Dozens of concerned residents packed into the basement meeting room of the Brown County Public Library for a third “Community Conversation” on Thursday night to discuss the future of the county’s courthouse.
The centerpiece of the discussion was an objective analysis of the three options for the courthouse by Dr. James Glass, a historic preservation and heritage consultant.
The three options include retaining the current courthouse as it is but making emergency modifications for issues such as security and privacy concerns and handicapped accessibility, rehabilitating the current courthouse and building a new addition to address space concerns, or building a new courthouse at the Law Enforcement Center property on State Road 46.
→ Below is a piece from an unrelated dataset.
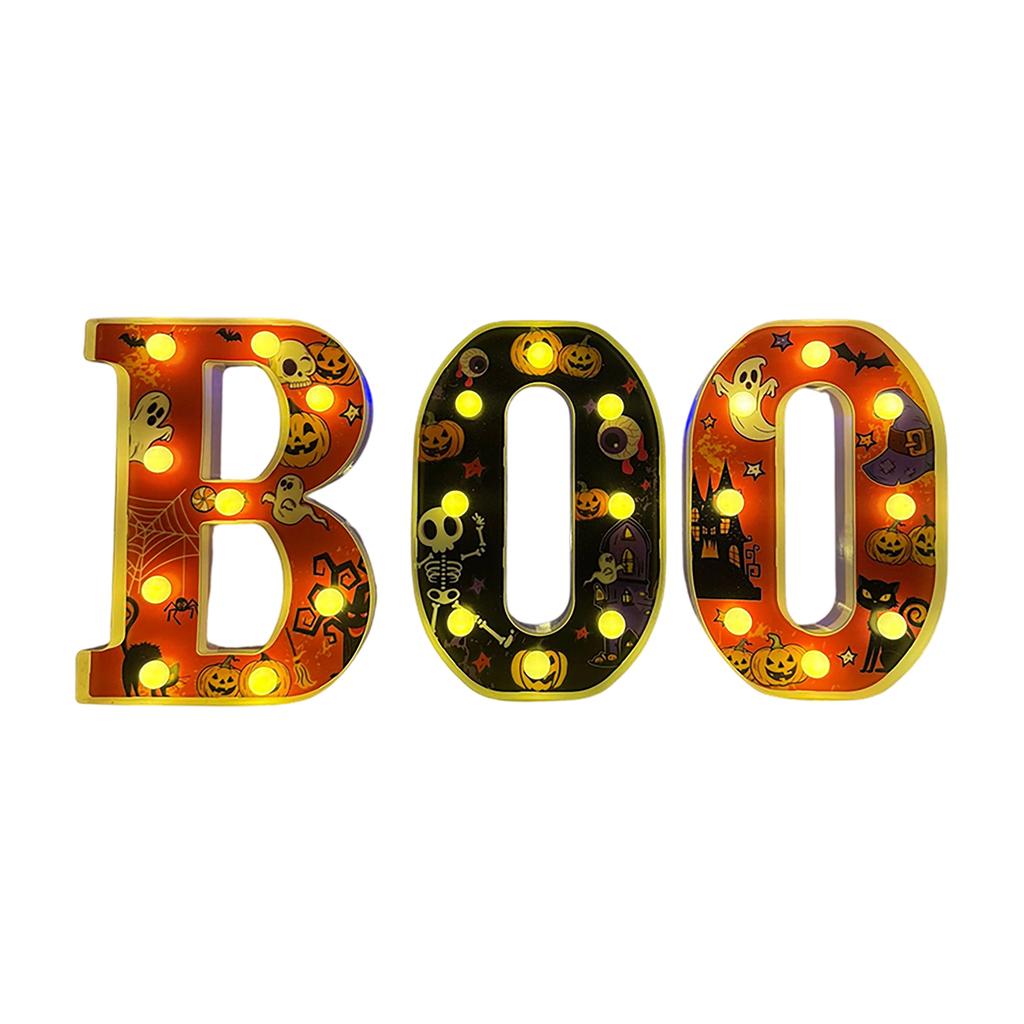 LED Halloween Letter Lights Festival Luminous Letter Horror Desktop Scene Layout Atmosphere Props Decoration Lights, Desktop Ornaments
Each option has its own pros and cons, which Glass pointed out in his report. However the residents decide to proceed, Glass expressed one hope.
“Regardless of whichever option is chosen, that there be provision for preserving the courthouse in a way that sustains it financially long term, and preserves as much of its historic character inside as well as out as possible,” Glass said.
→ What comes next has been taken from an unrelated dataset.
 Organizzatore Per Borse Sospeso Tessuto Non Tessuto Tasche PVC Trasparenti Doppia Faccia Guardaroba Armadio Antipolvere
After Glass’ presentation, people spoke in groups about the three options and tried to come to a consensus.
Speakers for each group then shared their ideas, and while most agreed that preserving the existing courthouse was important, some residents, like Gene Elias, weren’t sure what the best course of action would be.
“Everyone agrees that the courthouse is an important thing to the community as a physical entity,” Elias said. “How do we address the needs of our justice system within that, and are there limitations, and how do we deal with that? That’s a major issue because there’s only a finite amount of space for this courthouse.”
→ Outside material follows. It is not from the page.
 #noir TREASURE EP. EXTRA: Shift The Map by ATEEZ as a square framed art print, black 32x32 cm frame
Julie Winn, President of the League of Women Voters of Brown County, who co-sponsored the event with the Brown County Community Foundation, said that they are nearing the end of a remonstrance period imposed by the citizens of Brown County that suspended the original courthouse addition project proposed by the county’s board of commissioners last fall.
Winn says the next step is a survey.
“We’re basically using a somewhat informal survey to take the temperature of the community and kind of see if we can get some sense of what option people would prefer at this point,” Winn said.
Winn said the surveys can be turned in to various places around the county, and must be turned in no later than September 3.